▶ **Data supplied**
━━━━━━━━━━━━━━━━

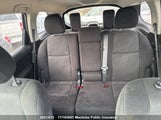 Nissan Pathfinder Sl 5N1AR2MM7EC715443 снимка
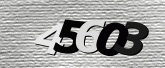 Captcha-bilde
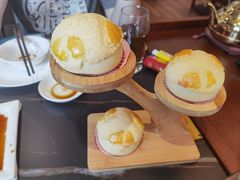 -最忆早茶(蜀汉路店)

━━━━━━━━━━━━━━━━

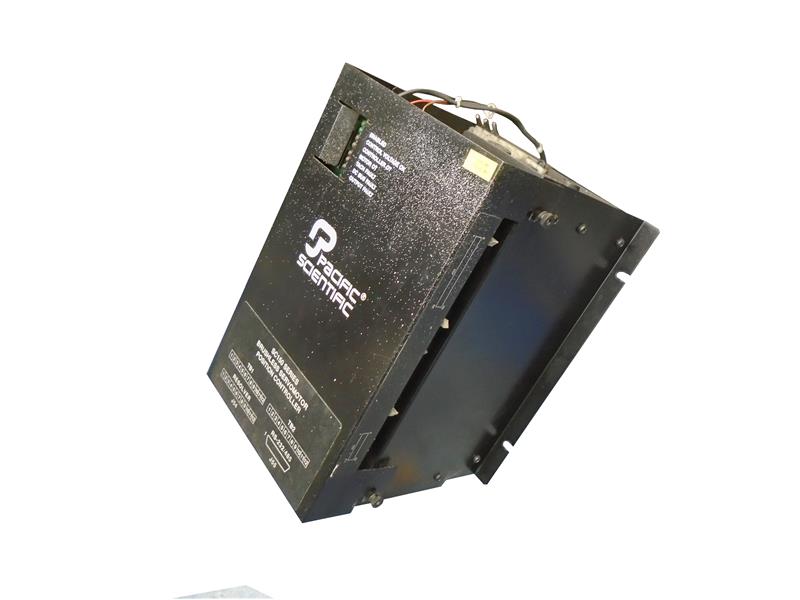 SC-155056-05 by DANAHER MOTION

━━━━━━━━━━━━━━━━

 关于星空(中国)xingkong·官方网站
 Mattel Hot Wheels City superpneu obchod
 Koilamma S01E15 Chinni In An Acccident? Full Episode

━━━━━━━━━━━━━━━━

▶ **How to complete this task**
Look back at the entries above. Retype the line with "关于星空(中国)xingkong·官方网站", the line with "Koilamma S01E15 Chinni", and all lines in between.

▶ **Task result**
 关于星空(中国)xingkong·官方网站
 Mattel Hot Wheels City superpneu obchod
 Koilamma S01E15 Chinni In An Acccident? Full Episode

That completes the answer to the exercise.